Spielzeug Feuerwehrauto | Bildquelle: RTF.1

Tübingen:

Darum will die Stadt Tübingen in der Kindertagesbetreuung abbauen

Stand: 16.09.26 11:38 Uhr

Mit Blick auf die städtischen Finanzen und den demografischen Wandel plant die Stadt Tübingen ein Umdenken ihrer Kindertagesbetreuungslandschaft. Ein Weiterentwicklungsprojekt soll über 13 Monate das Kinderbetreuungssystem vor Ort ganzheitlich analysieren und umformen. Sowohl die Umverteilung von Ressourcen, als auch gezielte Kürzungen stehen an.
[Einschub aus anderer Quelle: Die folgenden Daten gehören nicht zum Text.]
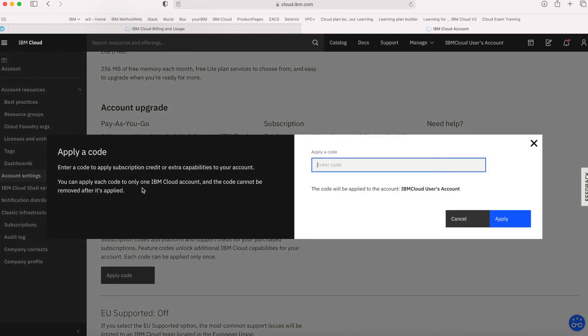If you click Apply Code, you can enter the code in there—it'll be your subscription—and then click Apply and your account will be upgraded.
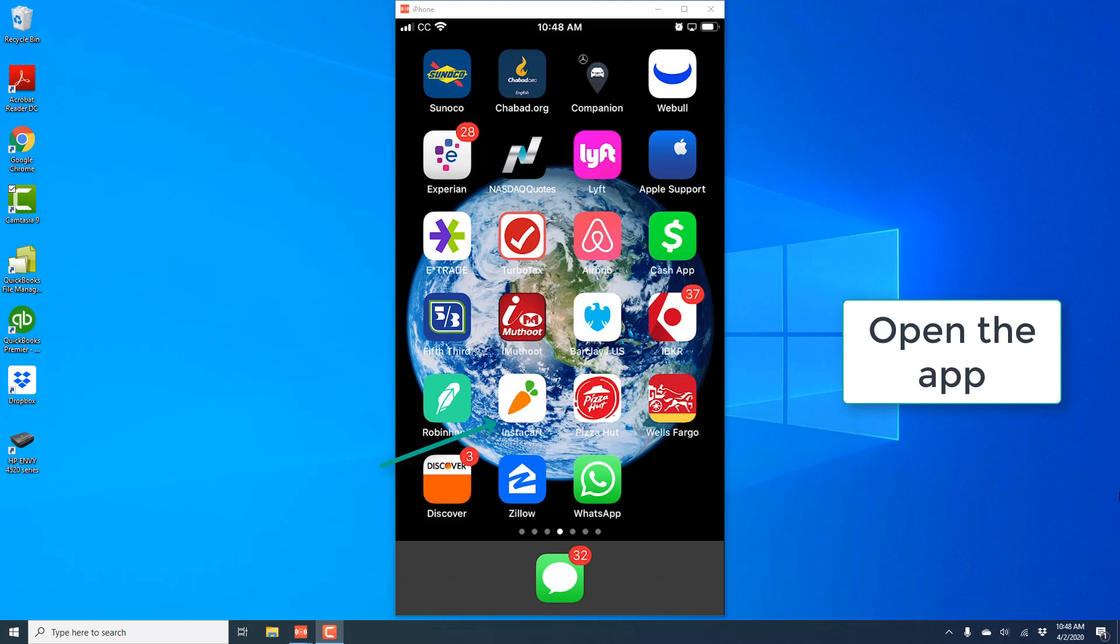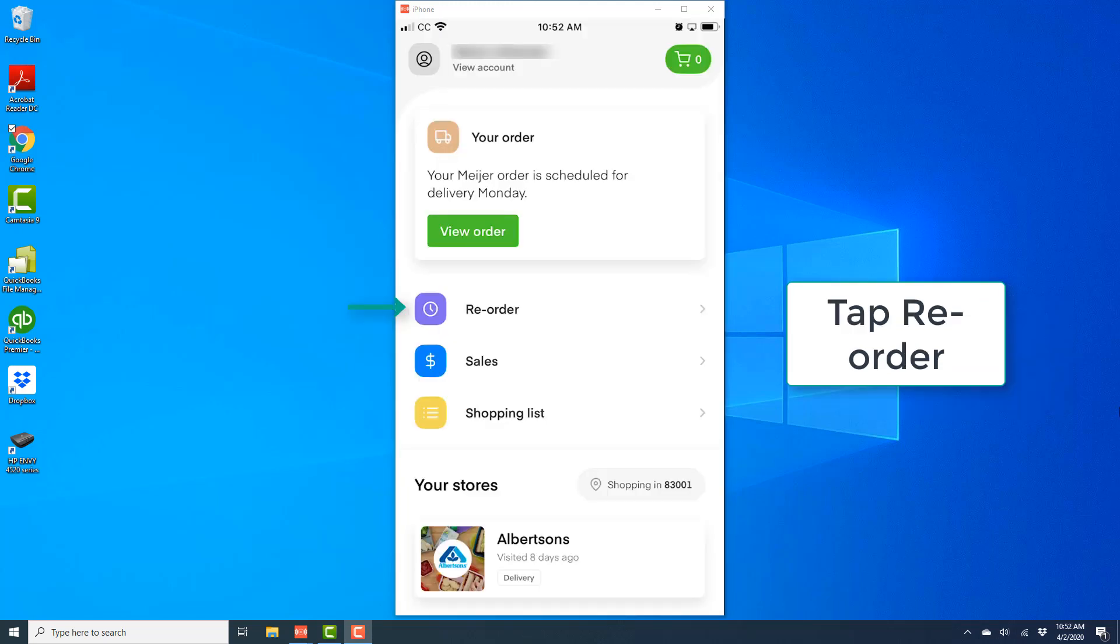So in order to do that, open the app. And once the app is open, tap on Reorder.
Bereits im dritten Jahr in Folge fielen die Kinderzahlen in der Universitätsstadt geringer aus als erwartet. Das Resultat: Tübinger Kitas haben zu viele freie Plätze. Gleichzeitig fällt es vielen Tübingern aber schwer, einen Platz für ihre Kinder zu finden, besonders in der Ganztagsbetreuung. Der Grund für dieses Paradoxon, so Sozialbürgermeisterin Gundula Schäfer-Vogel, ist eher ein Mangel an Fachkräften als an Platz:

"Wir haben ein Fachkräfteproblem, wir haben Defizite im Ganztagsangebot, die wir auch adressieren werden. Aber wir müssen jetzt neu auch in den Blick nehmen, dass wir rein räumlich betrachtet zu viele Plätze haben. Und darauf müssen wir auch reagieren."
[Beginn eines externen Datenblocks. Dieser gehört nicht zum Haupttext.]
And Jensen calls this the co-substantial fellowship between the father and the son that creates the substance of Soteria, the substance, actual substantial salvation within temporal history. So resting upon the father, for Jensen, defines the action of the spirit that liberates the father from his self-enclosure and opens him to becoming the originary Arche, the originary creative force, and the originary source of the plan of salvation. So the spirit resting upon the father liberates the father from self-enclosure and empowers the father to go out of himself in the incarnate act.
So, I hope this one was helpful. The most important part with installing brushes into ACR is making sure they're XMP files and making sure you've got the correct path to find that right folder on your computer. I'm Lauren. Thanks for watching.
Bei der Betreuung von Kindern unter 3 Jahren gibt es zu viele freie Plätze, teils mehrere hundert. Für Kinder über 3 Jahren, besonders in der Ganztagesbetreuung, sind sie dafür knapp. Wegen Personalmangels fallen dazu noch gut 300 Kita-Plätze weg. Verfügbarkeiten variieren auch stark je nach Stadtteil. Und zuletzt fehlt es der Stadt an Budget. Unnötige Plätze müssen gestrichen werden, das könne sich die Stadt einfach nicht leisten.

"Wir wollen aber gleichzeitig auch Aspekte von der Qualität, von Struktur in der Kindertagesbetreuung betrachten", erklärt Holger Chemnitz, Leiter des Fachbereichs Bildung, Betreuung, Jugend und Sport. "Und idealerweise die Kindertagesbetreuungslandschaft so umbauen, dass wir auch Defizite, die wir beispielsweise in der Ganztagesbetreuung im Ü3-Bedarf haben, auch adressieren und vielleicht auch da zu einer besseren Situation kommen."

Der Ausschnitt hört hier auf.